Stored records:
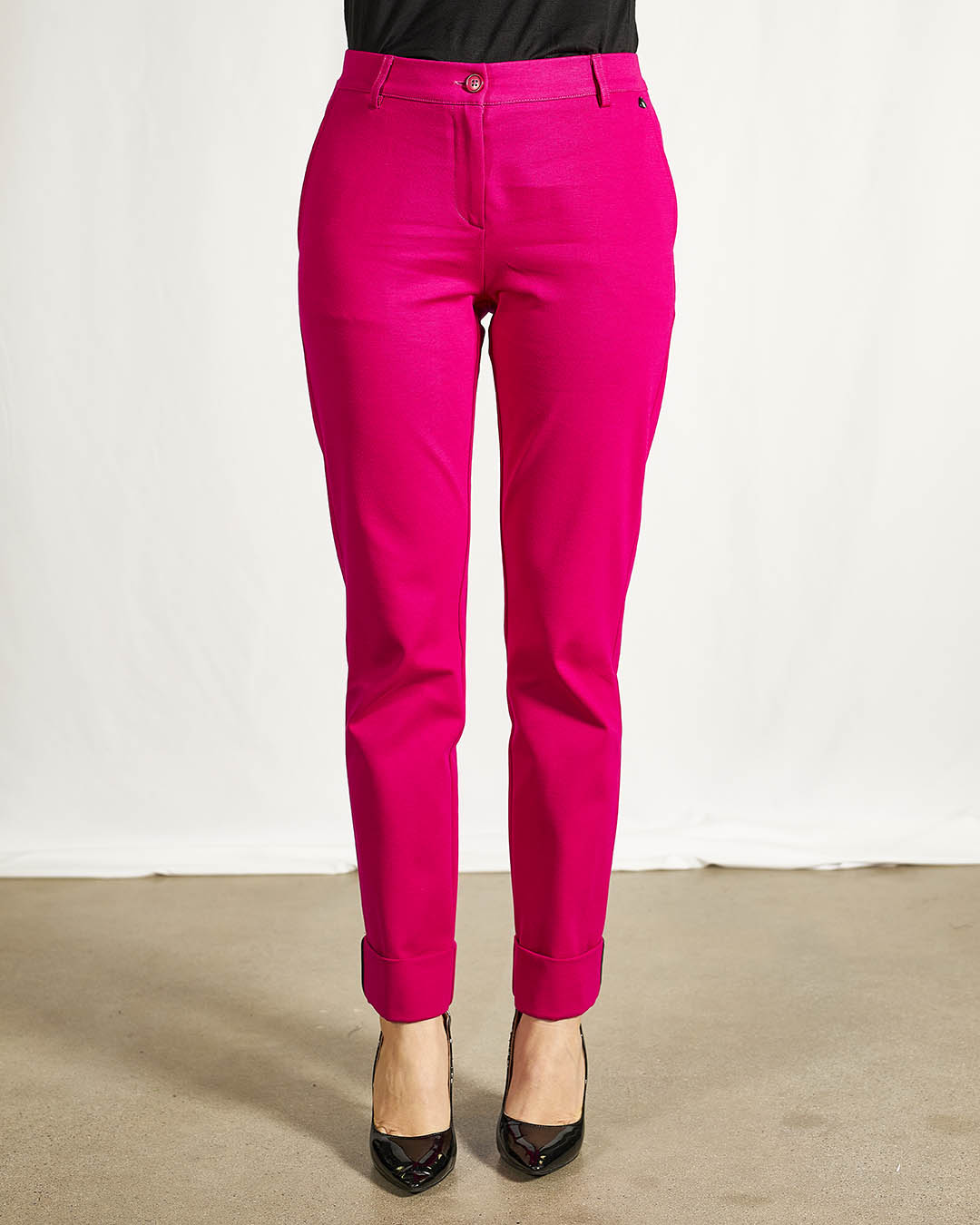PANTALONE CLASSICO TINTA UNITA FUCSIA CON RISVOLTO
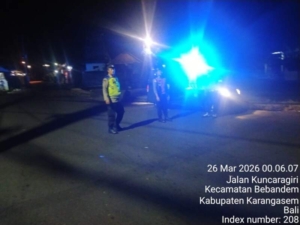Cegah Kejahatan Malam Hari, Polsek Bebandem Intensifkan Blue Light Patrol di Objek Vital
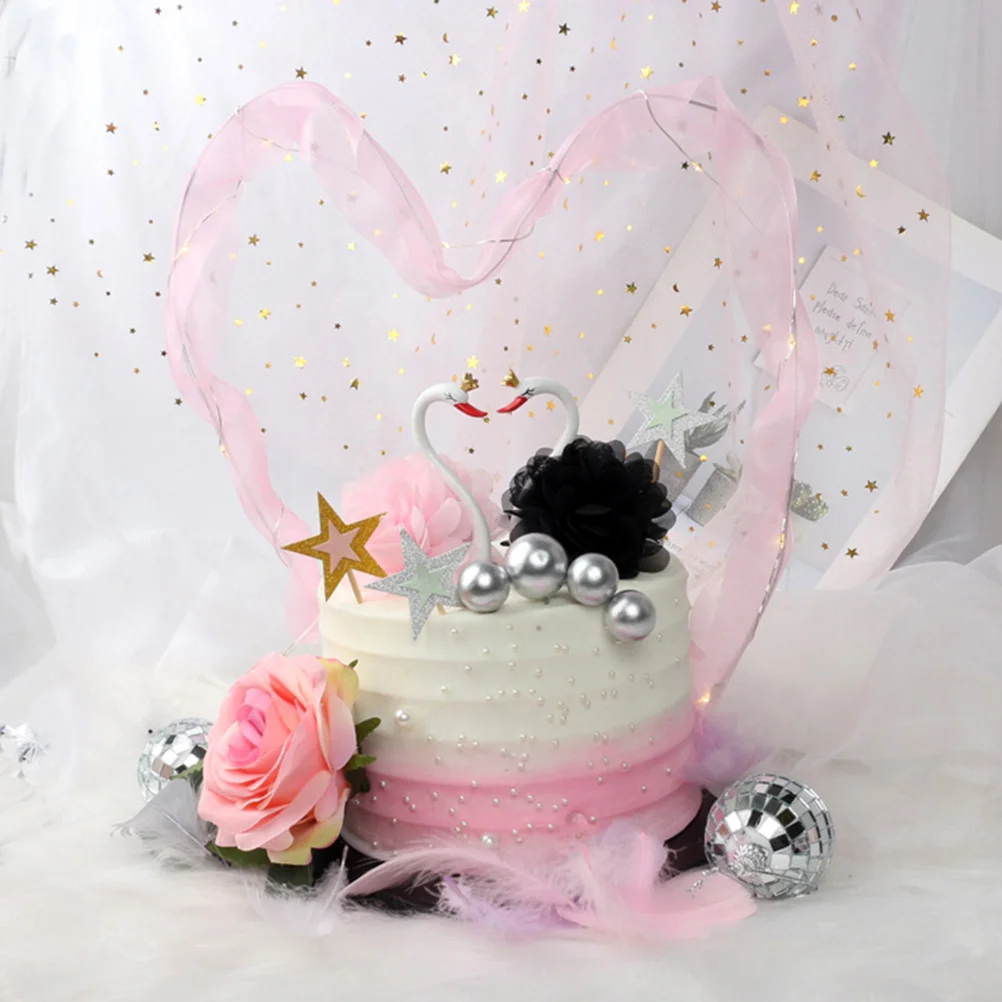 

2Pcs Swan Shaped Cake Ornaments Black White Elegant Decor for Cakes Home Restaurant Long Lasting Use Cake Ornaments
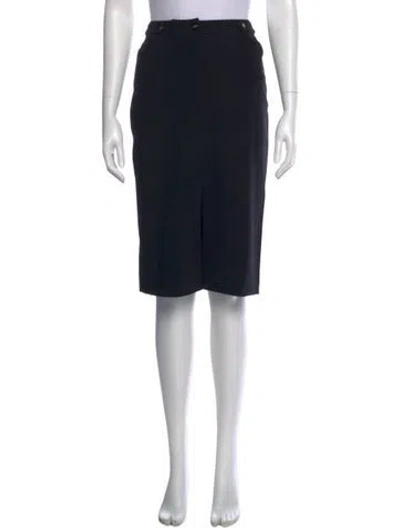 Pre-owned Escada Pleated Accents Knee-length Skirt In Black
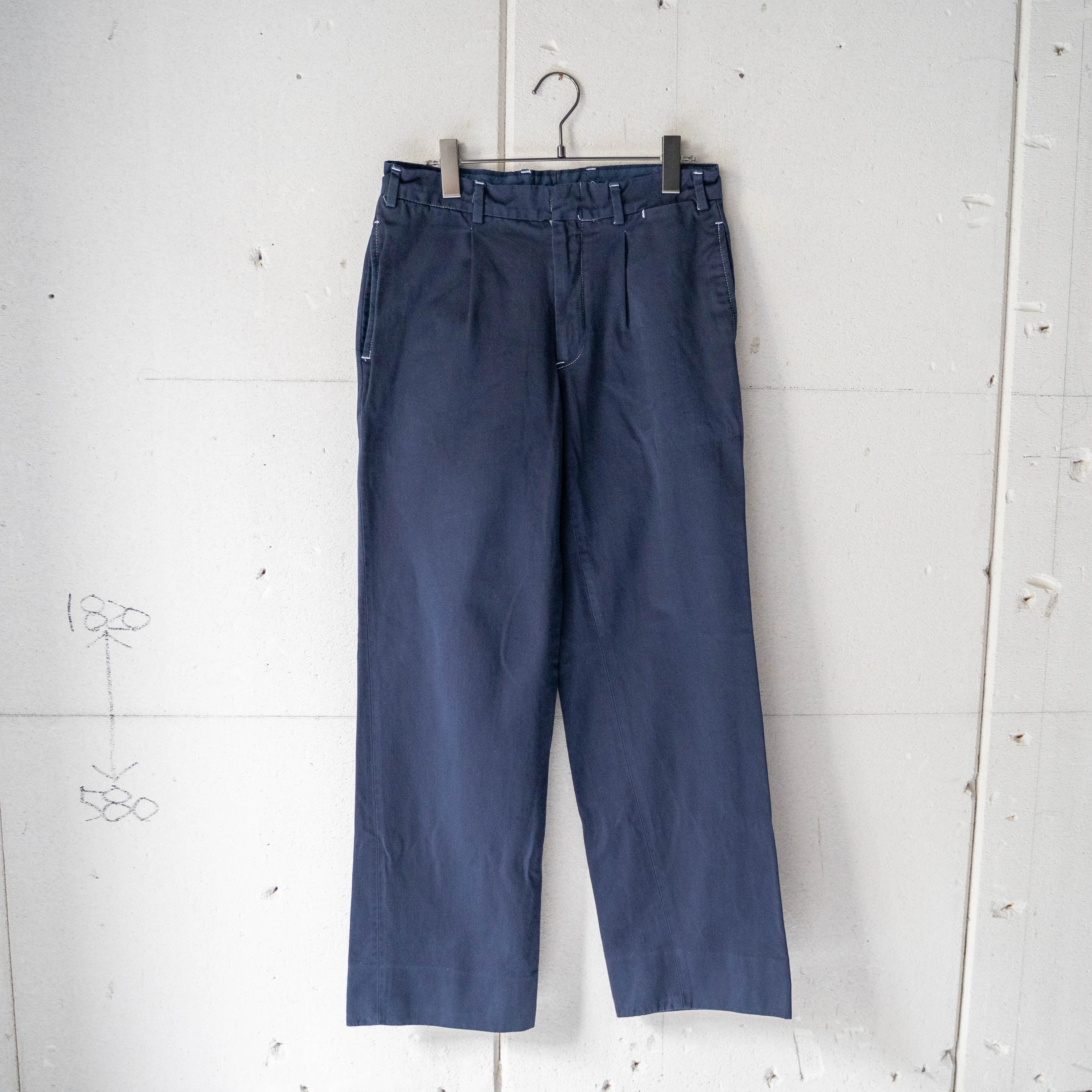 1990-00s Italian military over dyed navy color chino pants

:: Activity ::
The range runs from the line containing "2Pcs Swan Shaped" through the end of the entries; print those lines exactly and leave the pictures out.

:: Exercise solution ::
2Pcs Swan Shaped Cake Ornaments Black White Elegant Decor for Cakes Home Restaurant Long Lasting Use Cake Ornaments
 Pre-owned Escada Pleated Accents Knee-length Skirt In Black
 1990-00s Italian military over dyed navy color chino pants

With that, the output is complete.